[Caption-style text data]
----
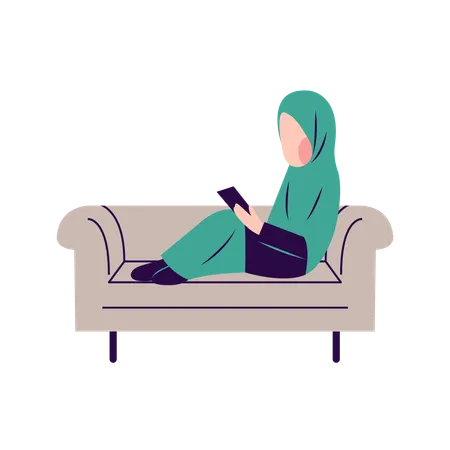 Mulher islâmica lendo livro  Ilustração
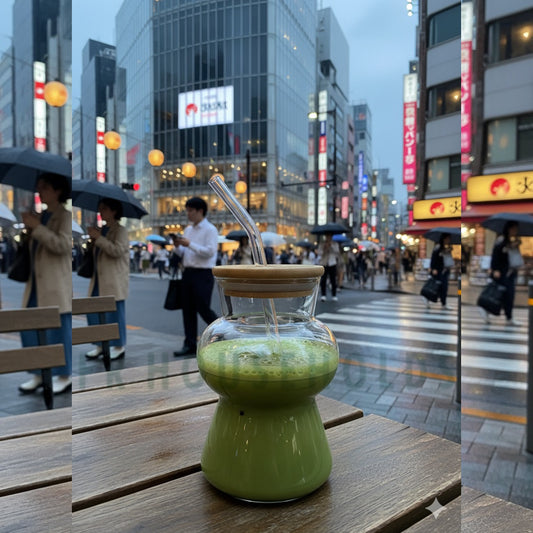 450ml Tatarstan Matcha Coffee Glass with Bamboo Lid & Straw – Premium Eco-Friendly Glass Tumbler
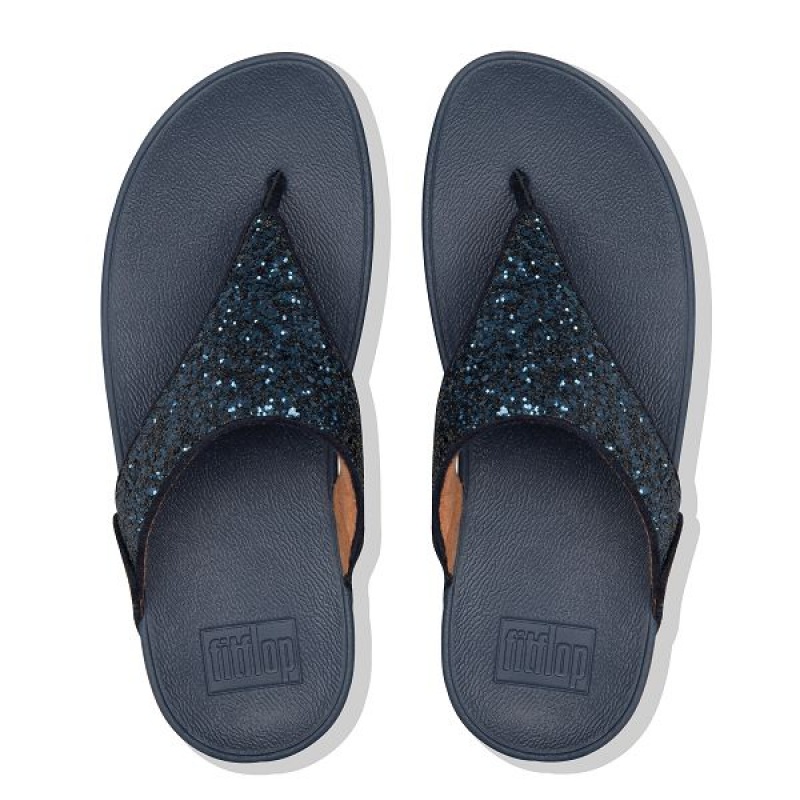 Women's FitFlop Lulu Glitter Toe-Post Sandals Navy | 486LAOHSX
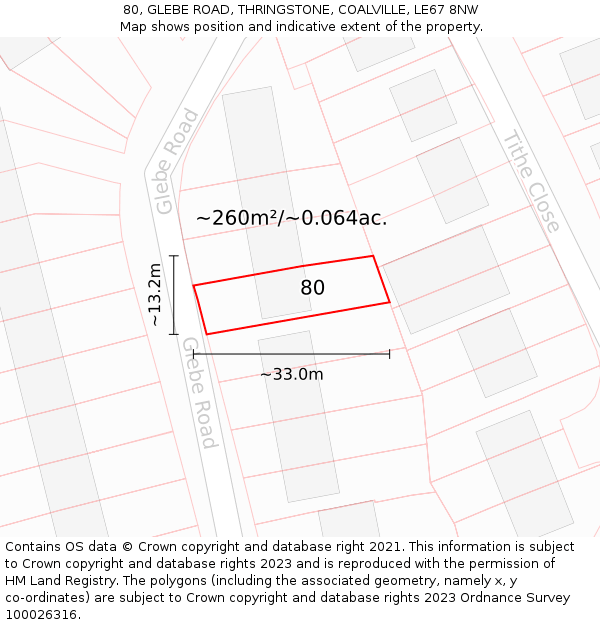 80, GLEBE ROAD, THRINGSTONE, COALVILLE, LE67 8NW: Plot and title map
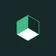 A cube with sides of different colored shades of white, and green.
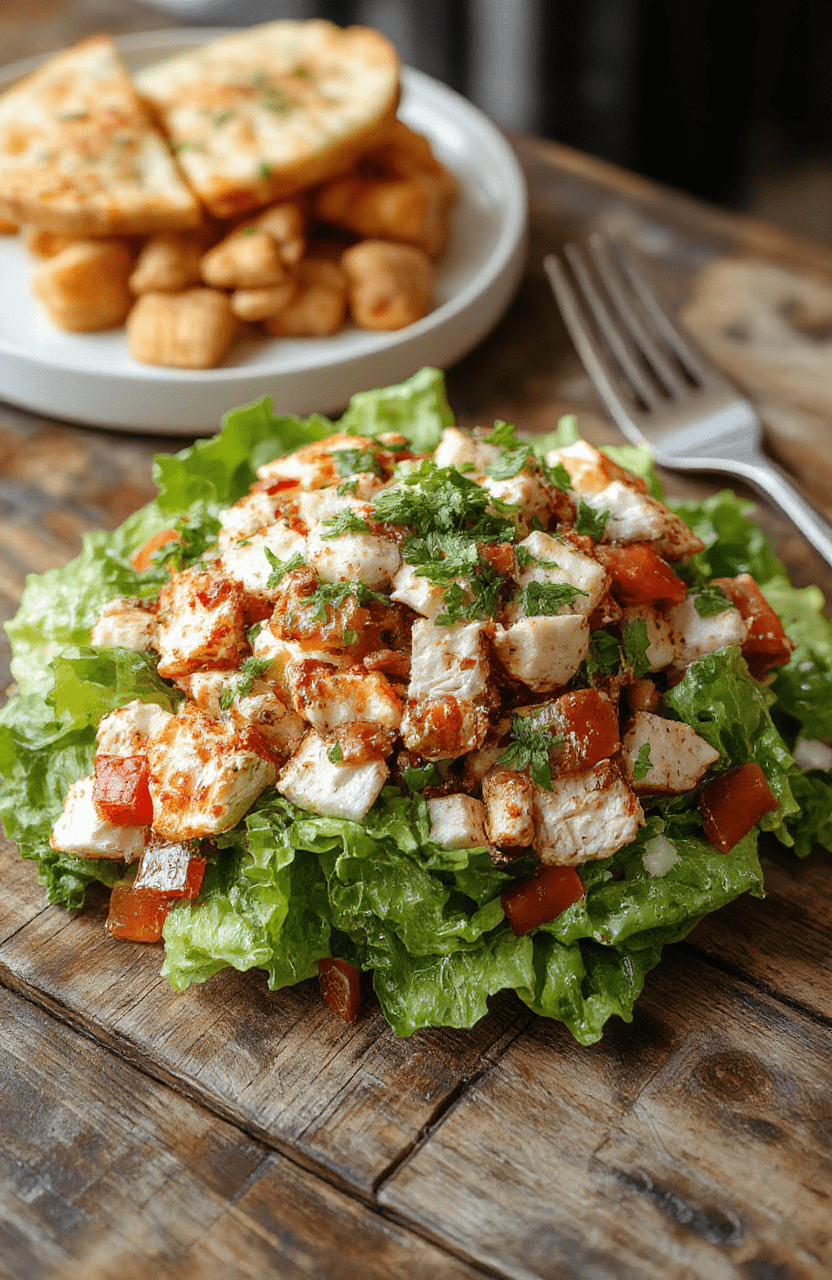 A vibrant plate featuring a colorful Southwest chicken salad with grilled chicken strips, cherry tomatoes, black beans, corn, avocado slices, and crunchy lettuce, topped with shredded cheese and a drizzle of creamy dressing. The dish is styled on a rustic wooden table with fresh ingredients surrounding it, highlighting textures and bright colors.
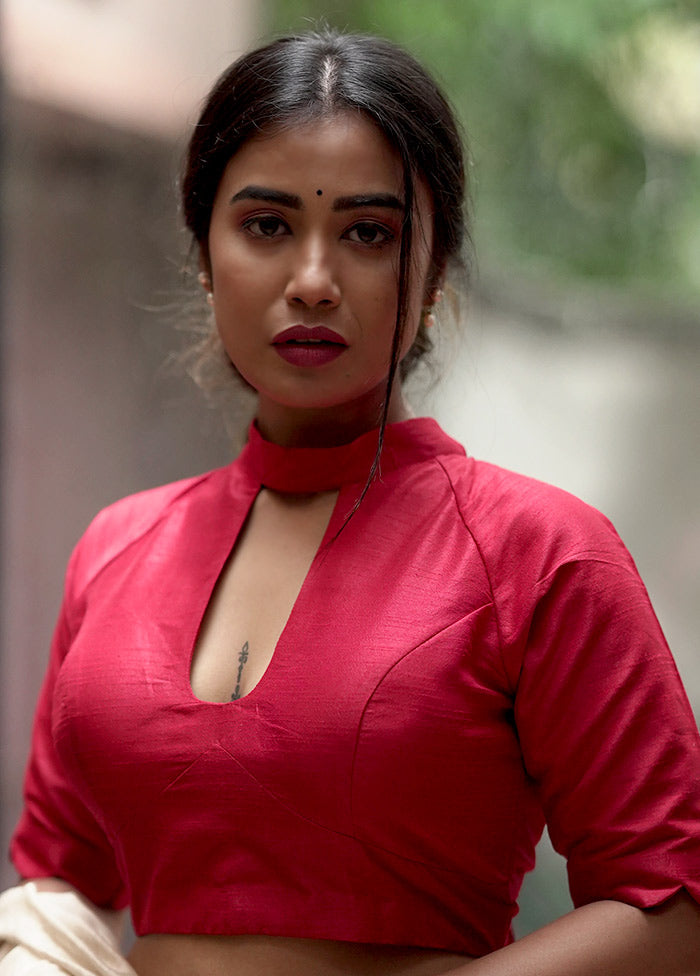 Red Dupion Silk Designer Blouse - Indian Silk House Agencies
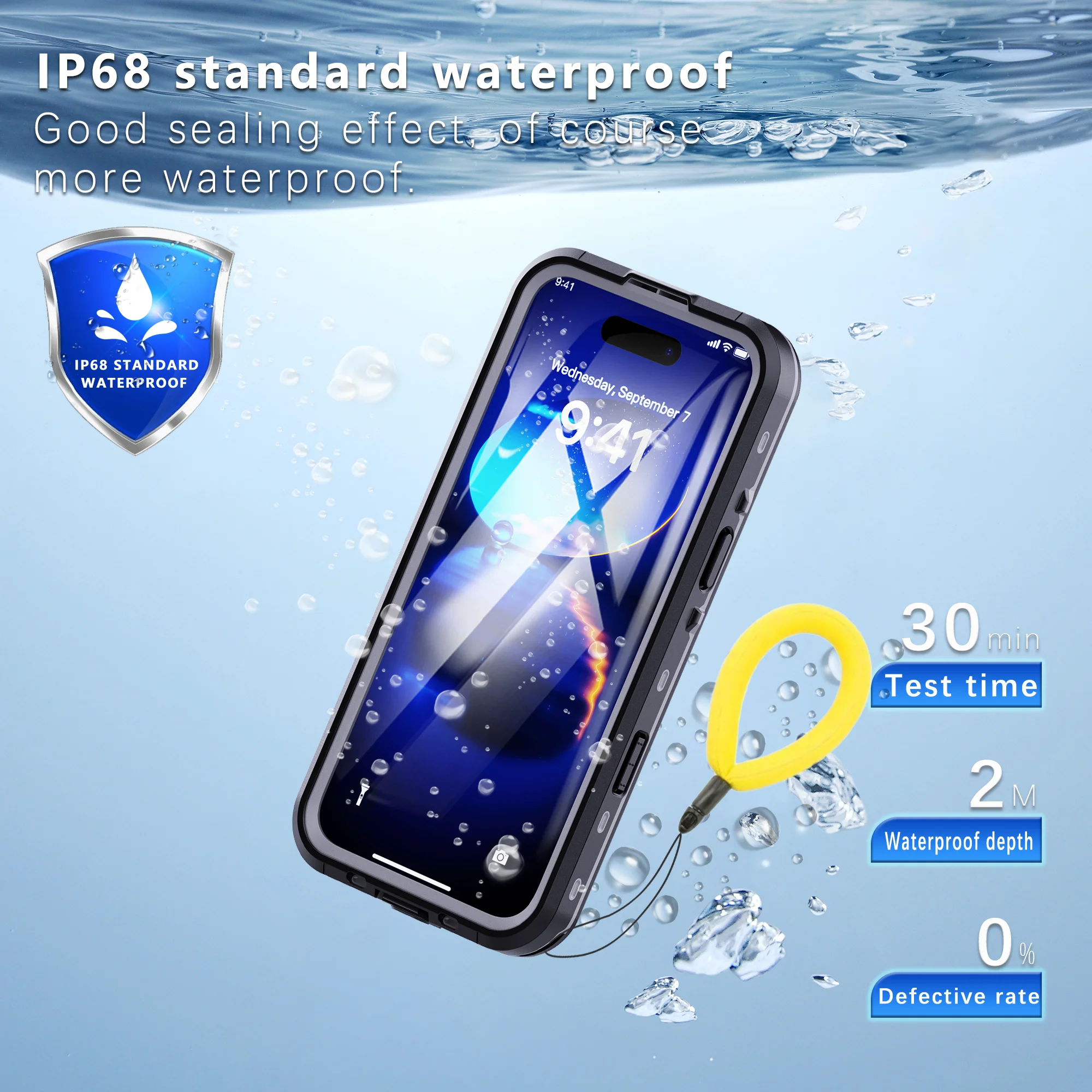 Shellbox Premium 360-Degree Ultra-Durable Waterproof Phone Case with Lanyard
----
Your task is to repeat the entries above exactly, omitting the pictures.

 Mulher islâmica lendo livro  Ilustração
 450ml Tatarstan Matcha Coffee Glass with Bamboo Lid & Straw – Premium Eco-Friendly Glass Tumbler
 Women's FitFlop Lulu Glitter Toe-Post Sandals Navy | 486LAOHSX
 80, GLEBE ROAD, THRINGSTONE, COALVILLE, LE67 8NW: Plot and title map
 A cube with sides of different colored shades of white, and green.
 A vibrant plate featuring a colorful Southwest chicken salad with grilled chicken strips, cherry tomatoes, black beans, corn, avocado slices, and crunchy lettuce, topped with shredded cheese and a drizzle of creamy dressing. The dish is styled on a rustic wooden table with fresh ingredients surrounding it, highlighting textures and bright colors.
 Red Dupion Silk Designer Blouse - Indian Silk House Agencies
 Shellbox Premium 360-Degree Ultra-Durable Waterproof Phone Case with Lanyard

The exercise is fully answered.